Please refer to the Inside the Chrome Dome main page for columns published in other issues.

 

 

 

 Coach’s Help Needed to Provide Variety of Knightstown Sports Coverage; Panthers, Royals Play Another One For the Ages

The Banner is receiving telephone calls and emails. The answering machine has messages from readers, parents and Panther fans. People are approaching me on the street, at stores and at sporting events.

People want to know why certain results of Panther athletics are not being published in the newspaper. Folks, all I can say is, I’m giving it my best shot. Thirty years ago I was filling the pages of the Banner with local sports and I have to say it was easier back then. Those were the days when the coaches of those teams helped out a little more.

On any given night there could be a half-dozen or more sporting events ongoing at KHS and KIS, and another half dozen at Eastern Hancock. It’s not possible to be everywhere, and I have made it a point to make an appearance at every sport currently in season, at every level.

I have called the athletic director at KHS and asked for support. I have personally talked with many coaches and requested they turn in their results so the student athletes can receive the recognition for their accomplishments.

Sometimes it happens, sometimes in doesn’t. However, it does appear to be getting better.

If you see the results of high school, junior high or elementary level volleyball, cross country, tennis, golf, football or soccer on the pages of the Banner it was because I either attended the event or a coach provided the information. Obviously, with so many sports on so many levels currently in season, the cooperation of the coaches is imperative.
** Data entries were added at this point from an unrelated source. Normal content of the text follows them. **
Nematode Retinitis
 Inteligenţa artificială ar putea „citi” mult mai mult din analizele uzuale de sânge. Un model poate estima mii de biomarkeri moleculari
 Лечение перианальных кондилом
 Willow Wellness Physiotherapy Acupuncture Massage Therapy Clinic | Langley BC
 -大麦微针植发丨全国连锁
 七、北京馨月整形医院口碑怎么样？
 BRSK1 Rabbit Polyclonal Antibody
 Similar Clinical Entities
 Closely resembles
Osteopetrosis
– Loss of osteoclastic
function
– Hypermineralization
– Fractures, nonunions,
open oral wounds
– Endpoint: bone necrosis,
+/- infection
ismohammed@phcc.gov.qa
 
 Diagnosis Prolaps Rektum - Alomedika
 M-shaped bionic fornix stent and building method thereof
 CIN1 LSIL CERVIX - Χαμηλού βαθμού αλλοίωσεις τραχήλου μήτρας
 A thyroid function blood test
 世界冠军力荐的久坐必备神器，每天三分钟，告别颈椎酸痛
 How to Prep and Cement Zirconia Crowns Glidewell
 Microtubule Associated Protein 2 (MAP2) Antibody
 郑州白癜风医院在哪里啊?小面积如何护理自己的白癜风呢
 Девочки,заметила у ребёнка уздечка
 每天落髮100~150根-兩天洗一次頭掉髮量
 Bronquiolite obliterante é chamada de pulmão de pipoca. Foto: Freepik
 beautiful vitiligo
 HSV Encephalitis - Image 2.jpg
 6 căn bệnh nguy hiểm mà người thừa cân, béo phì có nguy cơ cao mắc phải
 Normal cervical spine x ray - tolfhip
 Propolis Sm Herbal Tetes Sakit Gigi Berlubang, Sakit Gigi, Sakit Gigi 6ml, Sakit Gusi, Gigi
The owner of this newspaper has opened up his pages and provided as much room as I need to publish those sports results. If the statistics and results are provided, I’ll write the stories and the kids will get the credit they deserve. All I ask for is the cooperation of coaches. The pages of this newspaper directly reflect the amount of cooperation we receive. So if you don’t see it, it’s not because we don’t want to publish it.

Panthers Brought Game

Out-manned, out-gunned and with his back against the wall due to injuries and inexperienced players, Knightstown Panther head coach Bob Prescott had to put together a near-perfect game plan if his team were to beat Eastern Hancock last weekend.

The game plan was there. The near-perfect execution wasn’t.

What resulted was a drama-filled typical Panther-Royal battle that could easily have gone either way if not for a particular turnover or timely penalty.

This was a game that Eastern Hancock knew it should win and they executed well enough to get the job done. But they were surprised by how much game the Panthers brought to the field.

“They definitely didn’t look that good on tape,” Royal Coach Kyle Johnson said after the emotional victory.

The Little Big Play

There were plenty of big-time plays in the Panther-Royal game Friday night, but one play that would have huge implications went unnoticed by many people. At the midway point of the second quarter Eastern Hancock held on to a 7-0 lead when the Panthers were driving. On first down from the Royal 22, Trey McColley took a handoff from Joe Haase and followed a block into a hole big enough to drive a small car through. There was nothing in front of McColley but the end zone.

Then out of nowhere came the hand of Chris Jilg, who got just enough of McColley’s foot to trip up the big fullback, dropping him at the 19. The play saved a touchdown for sure. Then on the very next play the Panthers fumbled and Andrew Laska recovered to end the drive and preserve the lead.

Big Bruising Backs

With Lapel’s T.J. Cripe out for the season the two best backs in the White River Athletic Conference were on display on the Panther field Friday night and neither disappointed. Royal Brett Bragdon made countless tacklers miss on his way to 196 yards on 26 carries. Panther Trey McColley ran for 192 yards on 29 carries. That dynamic duo combined for nearly 400 rushing yards against defenses that were specifically geared to stop them. They also scored every touchdown in the game, usually getting the ball at the exact time the defense thought they were going to get it.

Haunting Turnovers

The bad news is Knightstown’s youth and inexperience continued to haunt the team as they turned the ball over three more times against Eastern Hancock. The team had four turnovers in their loss to North Decatur the week before.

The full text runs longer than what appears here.